Last month, Pennsylvania legalized marriage equality. While LGBTs and allies have been rejoicing, many advocates are cautioning the community not to put down the torch after the momentous victory, with a number of LGBT-focused pieces of legislation still stalled.
House and Senate Bill 300 would amend the Pennsylvania Human Relations Act to prohibit discrimination based on sexual orientation and gender identity and expression.
The bills were re-introduced last year with record support and, earlier this year, Republican Gov. Tom Corbett expressed his support of the measure.
Reps. Dan Frankel (D-23rd Dist.) and Chris Ross (R-158th Dist.) introduced the House measure with 77 cosponsors. Sen. Pat Browne’s (R-16th Dist.) bill has 24 cosponsors.
Frankel told PGN this week that the House version currently had 97 cosponsors and noted there is bipartisan support in both chambers of the legislature.
Last August, HB 300 was referred to the state government committee, which is chaired by anti-LGBT Rep. Daryl Metcalfe (R-12th Dist.).
Frankel said the best chance for success would be for the Senate to approve and send over the bill or for the House speaker to reassign the measure to a different committee, such as the education or judiciary committees.
“We are working along those lines and actively discussing other legislative maneuvers to force the bill onto a House floor,” he said. “We’ve been working with Equality Pennsylvania and the ACLU in terms of how to proceed and advocate to get this done.”
Equality PA executive director Ted Martin said that, in light of the recent marriage ruling, it is even more pertinent to get a nondiscrimination law passed.

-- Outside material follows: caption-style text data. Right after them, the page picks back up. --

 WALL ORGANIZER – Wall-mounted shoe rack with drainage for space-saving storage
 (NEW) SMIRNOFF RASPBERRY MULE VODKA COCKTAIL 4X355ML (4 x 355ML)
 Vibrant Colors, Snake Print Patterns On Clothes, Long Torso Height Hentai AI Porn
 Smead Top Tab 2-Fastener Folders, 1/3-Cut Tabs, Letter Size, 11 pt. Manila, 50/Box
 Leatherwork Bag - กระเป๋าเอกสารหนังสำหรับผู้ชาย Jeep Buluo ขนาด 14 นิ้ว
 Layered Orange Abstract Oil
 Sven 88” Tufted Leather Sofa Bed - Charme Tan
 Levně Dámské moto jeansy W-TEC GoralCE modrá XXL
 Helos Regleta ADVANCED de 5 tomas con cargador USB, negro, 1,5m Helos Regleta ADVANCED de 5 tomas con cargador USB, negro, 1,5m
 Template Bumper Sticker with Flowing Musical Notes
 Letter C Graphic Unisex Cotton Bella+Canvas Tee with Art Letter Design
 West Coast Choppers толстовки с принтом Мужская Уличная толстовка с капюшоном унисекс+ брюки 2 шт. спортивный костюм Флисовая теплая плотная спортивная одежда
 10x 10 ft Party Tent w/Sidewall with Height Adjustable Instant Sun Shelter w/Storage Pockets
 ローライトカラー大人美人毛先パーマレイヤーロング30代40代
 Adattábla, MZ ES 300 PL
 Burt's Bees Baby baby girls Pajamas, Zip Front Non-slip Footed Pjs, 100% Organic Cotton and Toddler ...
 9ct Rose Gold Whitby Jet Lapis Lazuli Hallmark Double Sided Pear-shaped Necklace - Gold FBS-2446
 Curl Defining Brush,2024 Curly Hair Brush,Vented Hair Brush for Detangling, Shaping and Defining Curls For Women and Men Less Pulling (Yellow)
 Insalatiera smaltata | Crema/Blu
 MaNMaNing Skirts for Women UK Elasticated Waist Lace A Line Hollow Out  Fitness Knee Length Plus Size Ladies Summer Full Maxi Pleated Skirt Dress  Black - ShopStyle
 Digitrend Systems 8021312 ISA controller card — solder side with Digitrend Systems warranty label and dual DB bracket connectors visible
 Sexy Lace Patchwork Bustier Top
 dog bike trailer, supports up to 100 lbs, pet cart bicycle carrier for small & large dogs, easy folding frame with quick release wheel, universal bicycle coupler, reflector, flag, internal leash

“The interesting thing is that the marriage decision has made nondiscrimination a lot more real for people,” he said. “You can be fired for putting your wedding picture on your desk at work. That has really hit home for folks.”
Frankel said he is optimistic that the bill will be approved by the end of this session.
“The opposition has been chipped away at and crumbling as we speak,” he said.
Pennsylvania Safe Schools Act
Rep. Dan Truitt (R-156th Dist.) introduced the Pennsylvania Safe Schools Act in January 2013, legislation largely fueled by the Pennsylvania Student Equality Coalition.
The PASS Act would create a structure for educators and staff to report and intervene in incidents of bullying and would include definitions of bullying and cyber bullying. The bill would specifically protect LGBT students.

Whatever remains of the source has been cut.